The response must consist of the lines from the one holding "Gucci Crocodile Bifold Wallet 12345 71154553" through the final line of the entries, given again exactly and without any pictures.

Top of SUPPLIED DATA

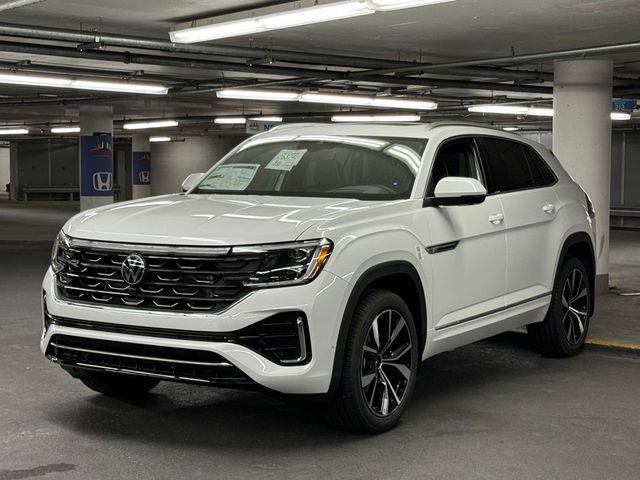 2024 Volkswagen Atlas Cross Sport 2.0T SEL Premium R-Line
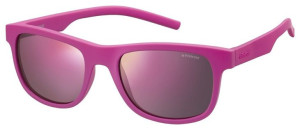 Uniwersalne okulary przeciwsłoneczne POLAROID model 6015-S-CYQ-51 (Szkło/Za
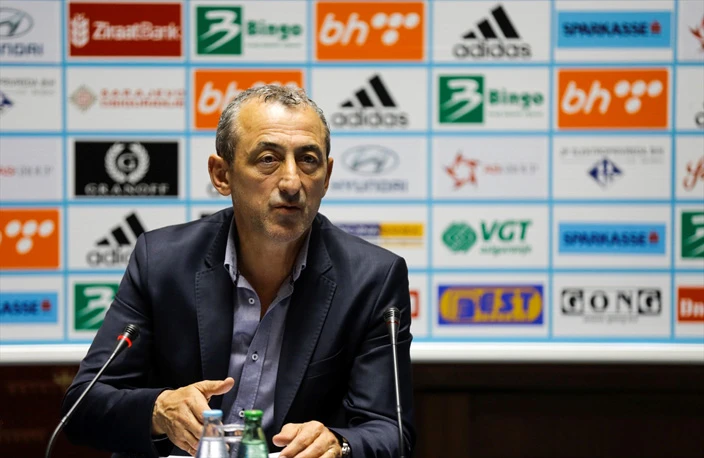 Baždarević: Imamo kvalitetu i nadamo se dobrom rezultatu
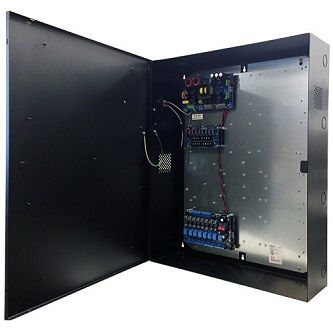 Altronix TROVE2SH2, FUSED 8-DR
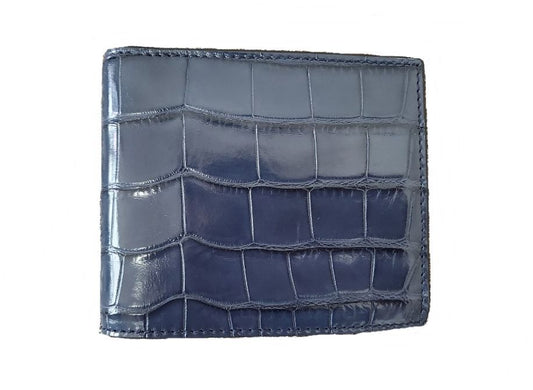 Gucci Crocodile Bifold Wallet 12345 71154553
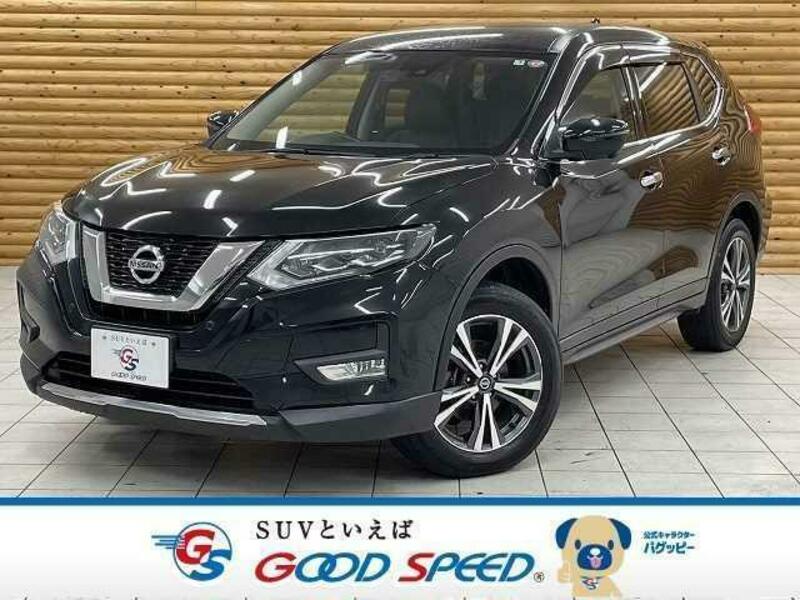 NISSAN　X-TRAIL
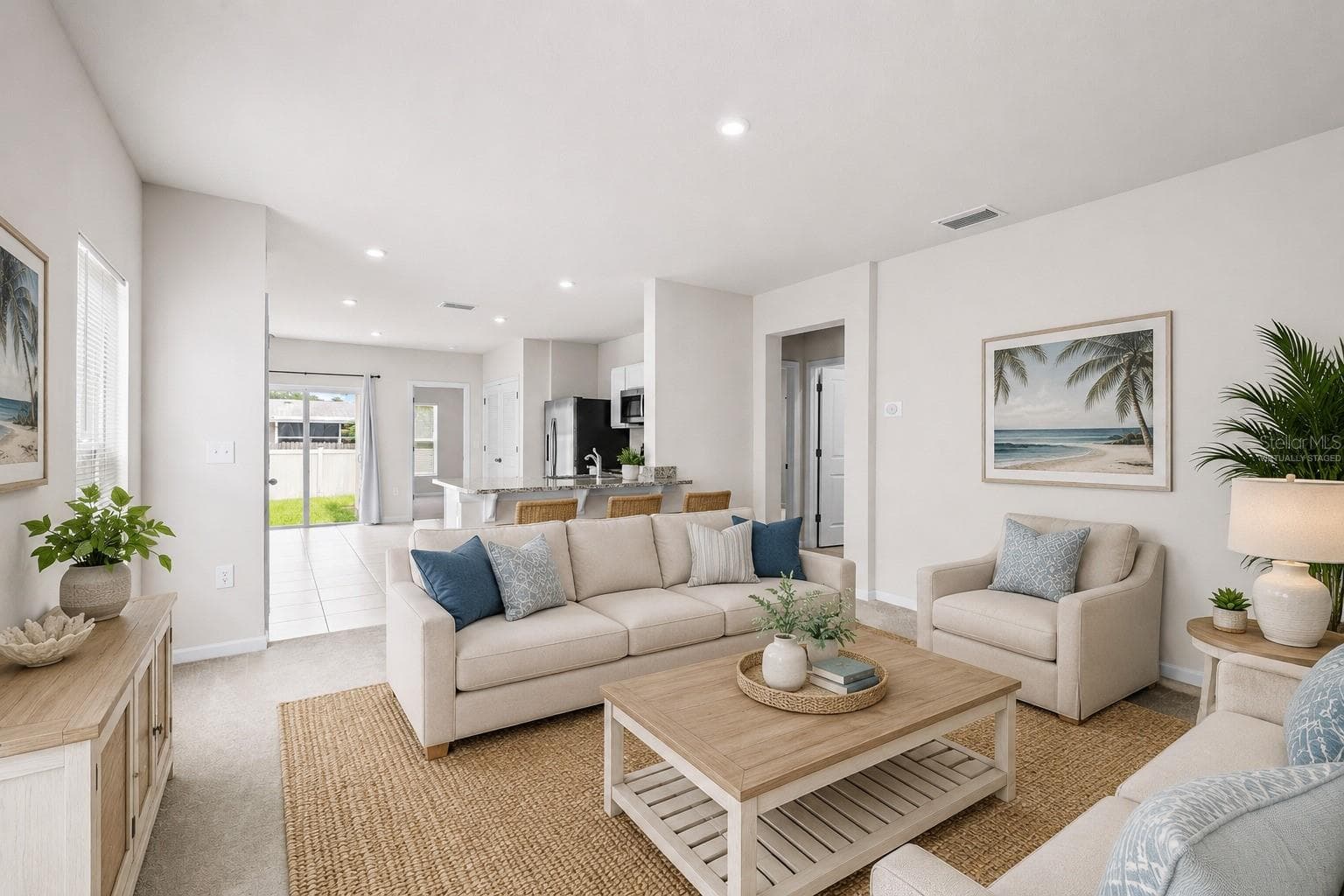Virtually Staged Photo - 35155 JOMAR AVE, ZEPHYRHILLS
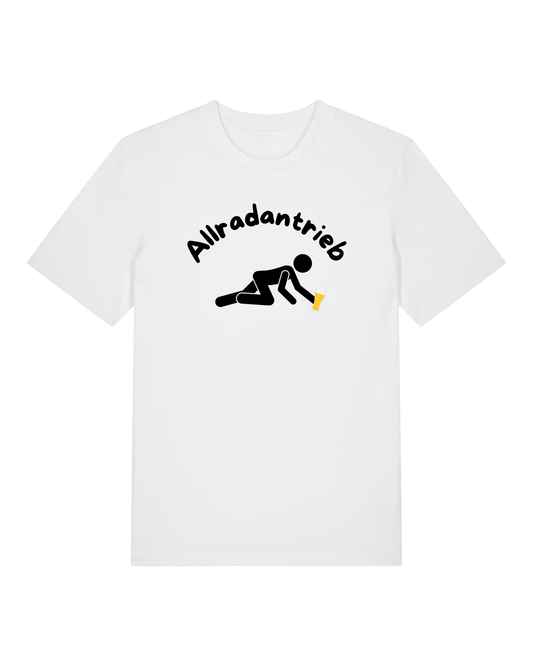Allradantrieb - Premium Shirt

Bottom of SUPPLIED DATA

* RESPONSE TO THE EXERCISE:
 Gucci Crocodile Bifold Wallet 12345 71154553
 NISSAN　X-TRAIL
Virtually Staged Photo - 35155 JOMAR AVE, ZEPHYRHILLS
Allradantrieb - Premium Shirt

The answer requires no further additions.